Delbert Lee Tibbs (June 19, 1939 – November 23, 2013) was an American man who was wrongfully convicted of murder and rape in 1974 in Florida and sentenced to death. Later exonerated, Tibbs became a writer and anti-death penalty activist.

==Early life==
Tibbs was born June 19, 1939, in Shelby, Mississippi; he moved with his family to Chicago at age 12, as part of the Great Migration from the South to the North. He attended the Chicago Theological Seminary from 1970 to 1972.

==Incident==
In 1974, 27-year-old Terry Milroy and 17-year-old Cynthia Nadeau were violently attacked near Fort Myers, Florida. Milroy was murdered and Nadeau was raped. She reported that they had been picked up while hitchhiking by a black man who fatally shot her boyfriend, and then beat and raped her, leaving her unconscious by the side of the road. That night, Nadeau gave the police a detailed description of the assailant and his truck.
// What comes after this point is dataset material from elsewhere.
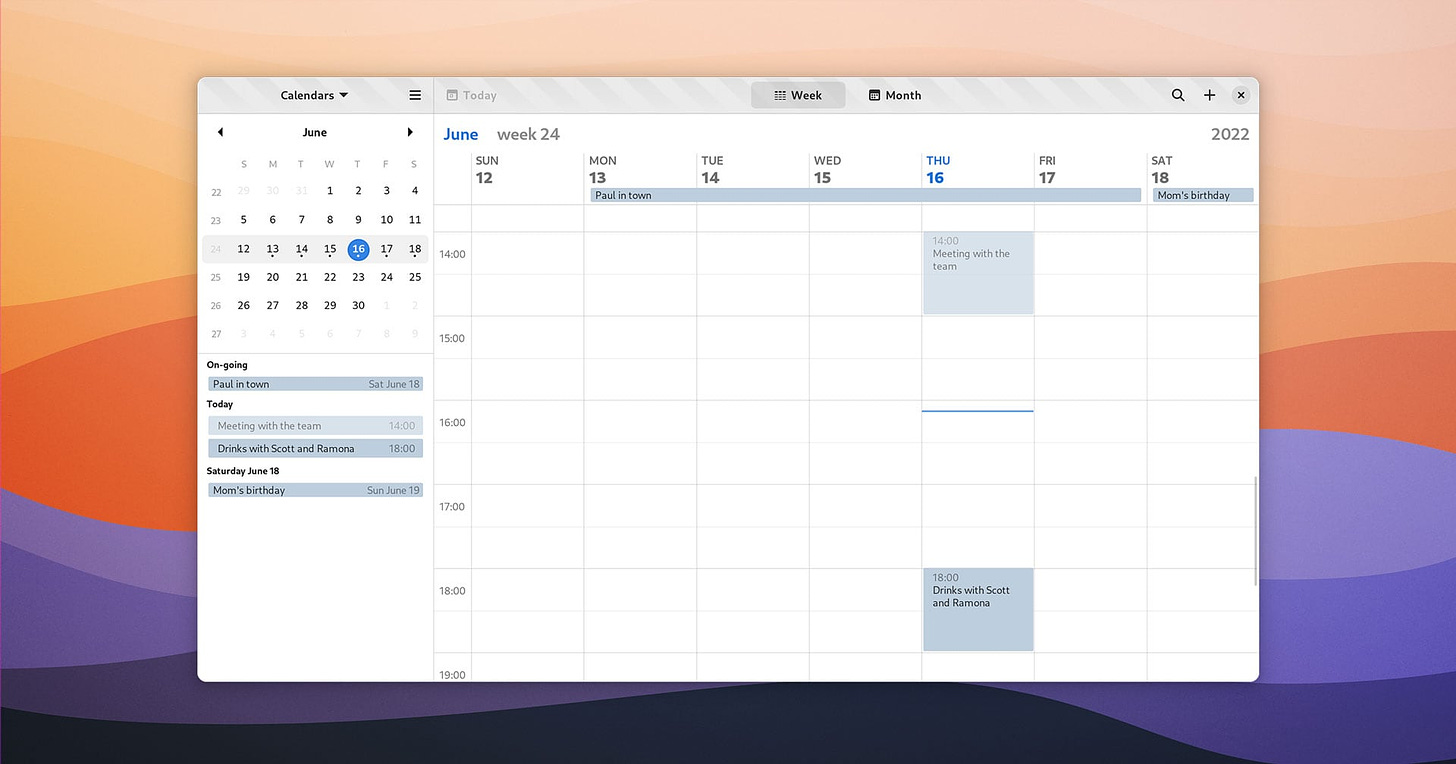 GNOME Calendar's New WIP Sidebar Looks Very Useful - OMG! Linux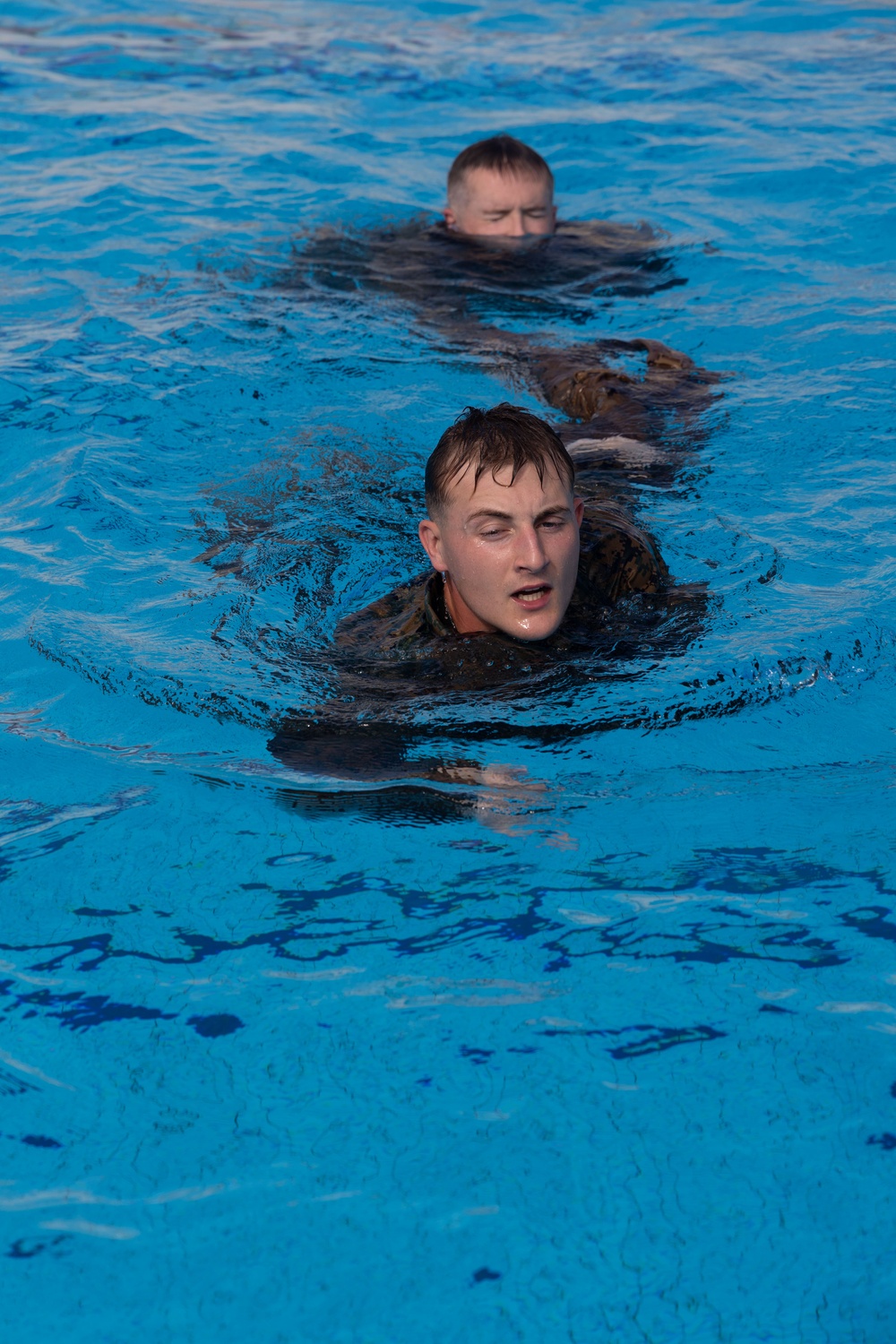 3d Intelligence Battalion hosts swim qualification for III MIG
==Arrest, trial, and conviction==
Several days later, Tibbs was hitchhiking in Florida about 220 miles north of the crime scene when he was stopped by a patrolman since he matched the description given by Nadeau. The photographed Tibbs and relayed the pictures to the Fort Myers police. When Nadeau examined these photos, she identified Tibbs as her attacker. A judge issued a warrant for Tibbs' arrest. He was picked up in Mississippi two weeks later and sent to Florida. Nadeau subsequently picked Tibbs out of a lineup and positively identified him at trial as the man who raped her and murdered her boyfriend.
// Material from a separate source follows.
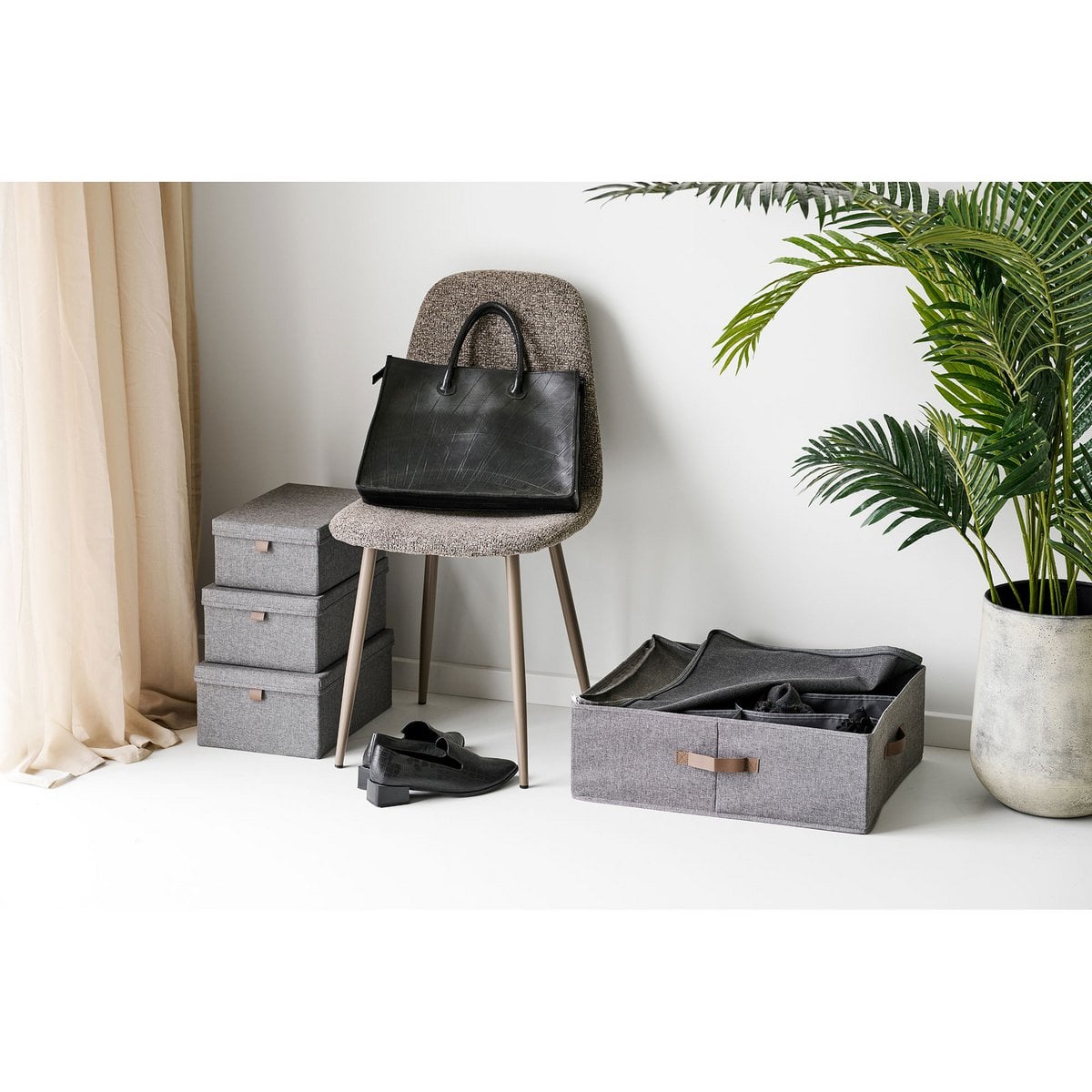 Noto Organizer, Textil, dunkelgrau, 56x47x18 cm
Tibbs' attorney attempted to show that Nadeau was an unreliable witness. She admitted during cross-examination that she had tried "just about all" types of drugs and that she had smoked marihuana shortly before the crimes occurred. Id. at 526, 545-546. She also evidenced some confusion about the time of day that the assailant had offered her and Milroy a ride. Finally, counsel suggested through questions and closing argument that Nadeau's former boyfriend had killed Milroy, and that Nadeau was lying to protect her boyfriend. Nadeau flatly denied these suggestions

During the trial, the prosecution supplemented the victim's identification with testimony from a jailhouse informant, who claimed Tibbs had confessed to the crime. Tibbs claimed he had an alibi. However, the prosecution produced a card with Tibbs's signature that directly contradicted part of his alibi.

The all-white jury convicted Tibbs of murder and rape, and he was sentenced to death.

==Post-trial and appeal==
After the trial, the informant recanted his testimony, saying he had fabricated his account hoping for leniency in his own rape case. On appeal, the Florida Supreme Court remanded the case and reversed the decision, on the grounds that there was "considerable doubt that Delbert Tibbs is the man who committed the crimes." The court ordered a retrial. Tibbs was released in January 1977. Without the informant's testimony, convicting Tibbs would be extremely difficult. Nadeau was a drug addict and the truck was never found. In 1982, the Lee County State Attorney dismissed all charges, ending the chance of a retrial. No alternate suspect was ever found.

In 2006, the prosecutor who chose not to try Tibbs told the Florida Commission on Capital Crimes that "Tibbs, in my opinion, was never an innocent man wrongfully accused. He was a lucky human being. He was guilty, he was lucky and now he is free. His 1974 conviction was not a miscarriage of justice."

==Subsequent campaigning==
After that time Tibbs worked as an anti-death penalty activist. He also sought changes in the criminal justice system, especially limits on the use of eyewitness identifications which numerous studies have shown to be unreliable and highly flawed.

Tibbs was one of six persons featured in the play The Exonerated (2002), based on accounts from death row inmates who were exonerated. (See Legacy, below.) The authors said that he was one of the inmates who showed belief in something larger to sustain him. He had said to them, "I realized if I internalized all the pain, and all the anger, and all the hurt, I'd be dead already."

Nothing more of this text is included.